BEGIN Records provided

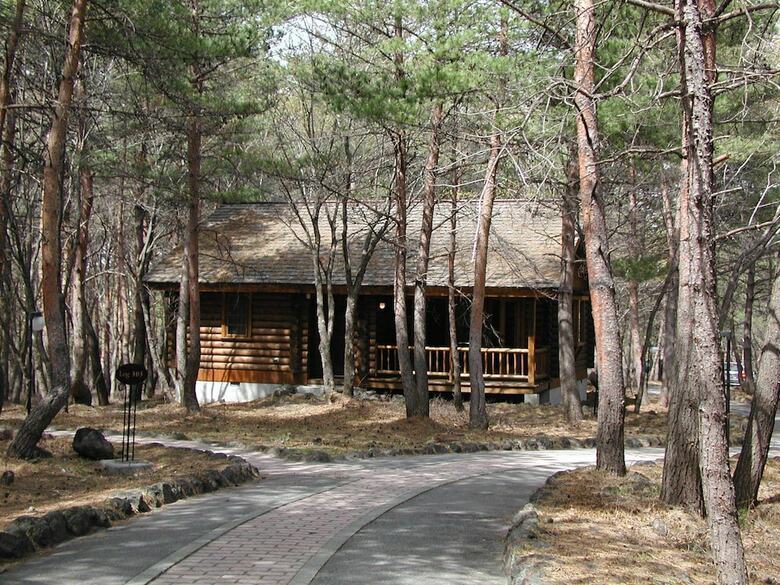 Kitakaruizawa Highland Resort Hotel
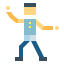 Funky icon 64x64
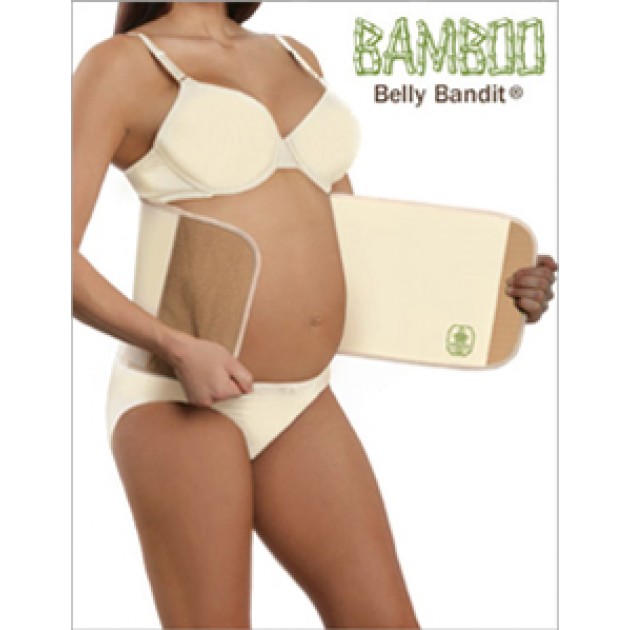Belly Bandit Bamboo Cream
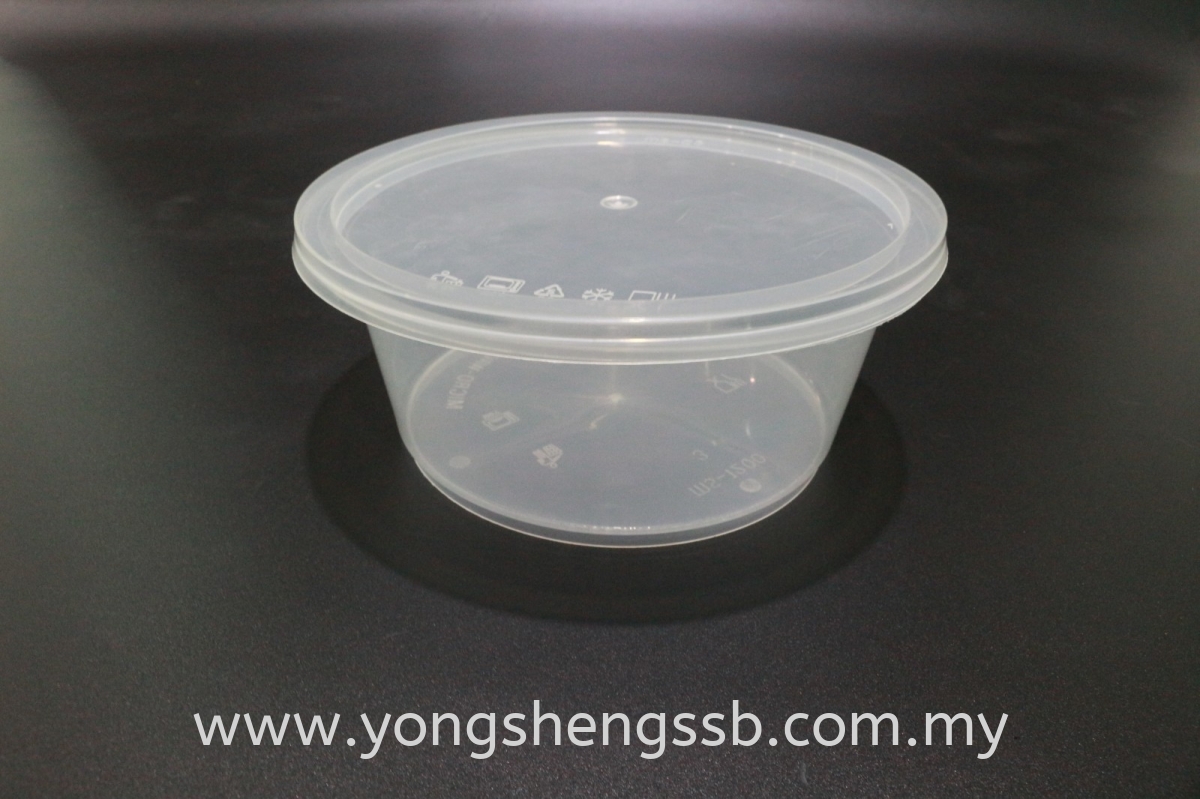 Ms10 300pcs Ctn With Lid Container Container Plastic Cup Bottle Bowl Plate Tray Cutleries Pet Johor Bahru Jb Malaysia Muar Skudai Supplier Wholesaler Supply Yong Sheng Supply Sdn Bhd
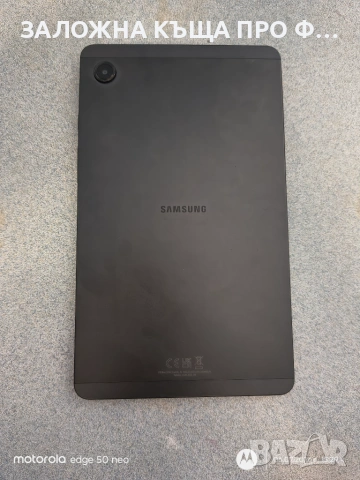 Samsung Galaxy Tab A9 4GB 64GB, снимка 3 - Таблети - 55175444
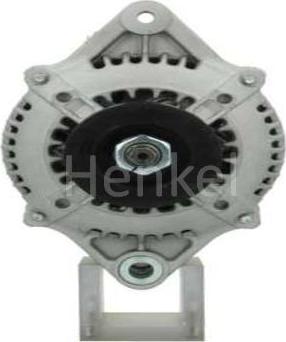 Henkel Parts 3110439 - Генератор autospares.lv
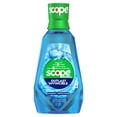 thumbnail image 1 of Scope Mouthwash, Outlast, Peppermint, 1L, 1 of 11
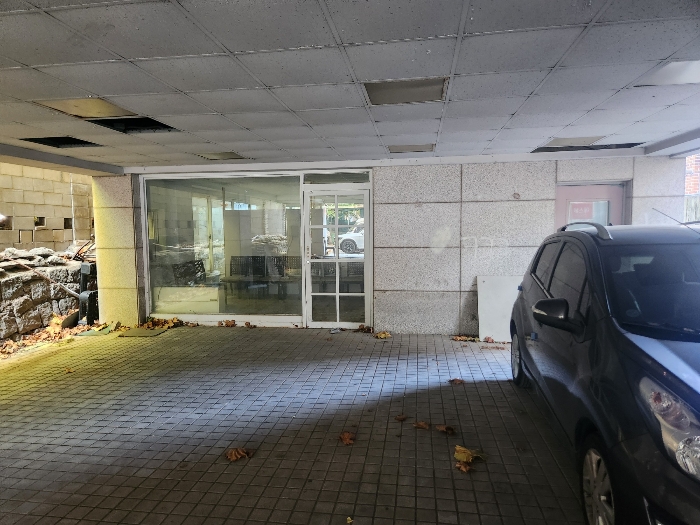 1층 근린생활시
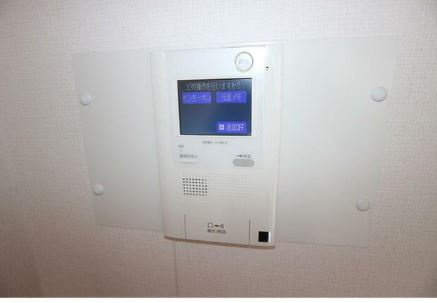 ガーデン杉並方南のセキュリティ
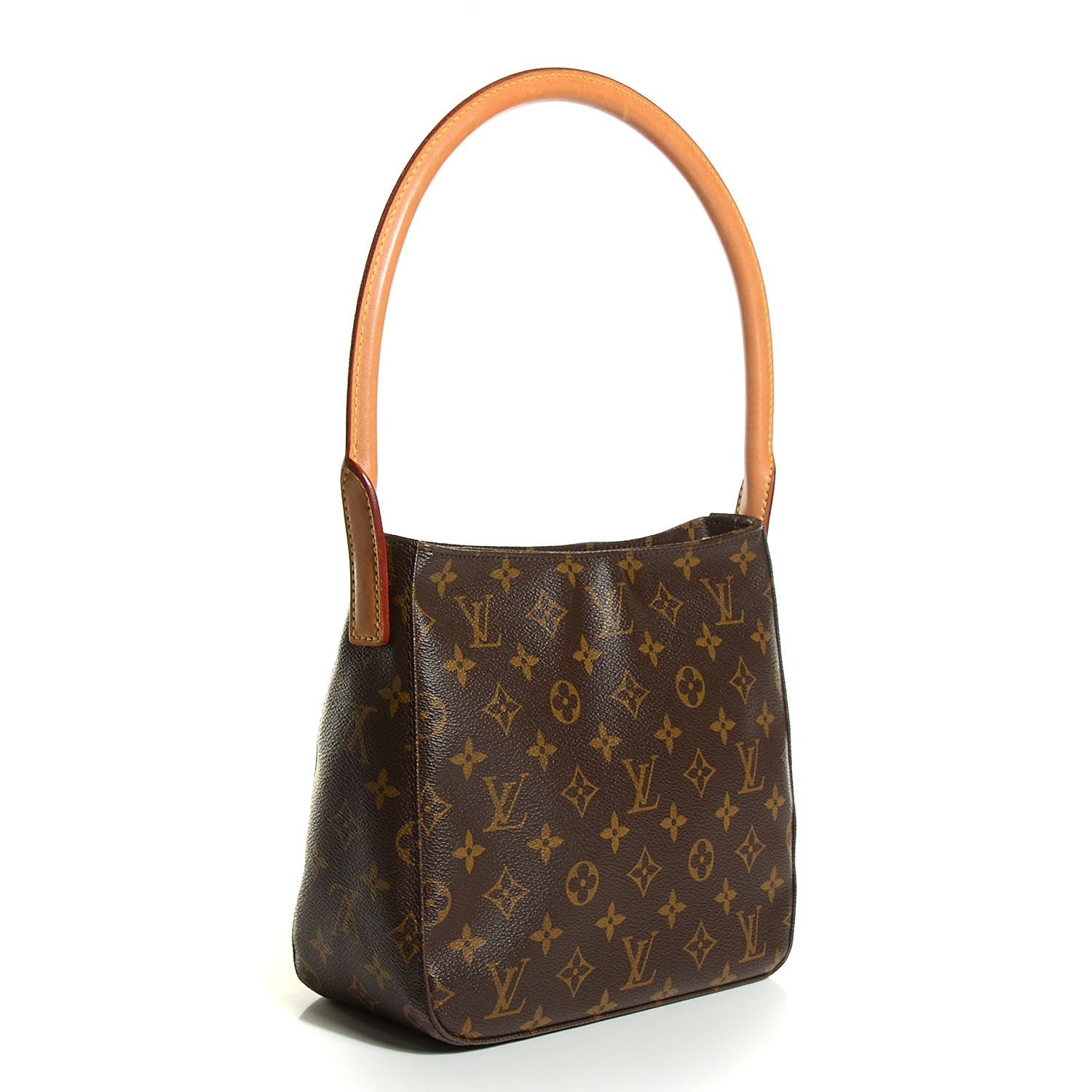Louis Vuitton Monogram Looping MM 3 of 7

END Records provided

Problem details - Make an exact copy of the lines above, starting at the line that contains "Funky icon 64x64" and running through the final line of the entries. Omit the pictures.

Exercise result -
 Funky icon 64x64
Belly Bandit Bamboo Cream
 Ms10 300pcs Ctn With Lid Container Container Plastic Cup Bottle Bowl Plate Tray Cutleries Pet Johor Bahru Jb Malaysia Muar Skudai Supplier Wholesaler Supply Yong Sheng Supply Sdn Bhd
 Samsung Galaxy Tab A9 4GB 64GB, снимка 3 - Таблети - 55175444
 Henkel Parts 3110439 - Генератор autospares.lv
 thumbnail image 1 of Scope Mouthwash, Outlast, Peppermint, 1L, 1 of 11
 1층 근린생활시
 ガーデン杉並方南のセキュリティ
Louis Vuitton Monogram Looping MM 3 of 7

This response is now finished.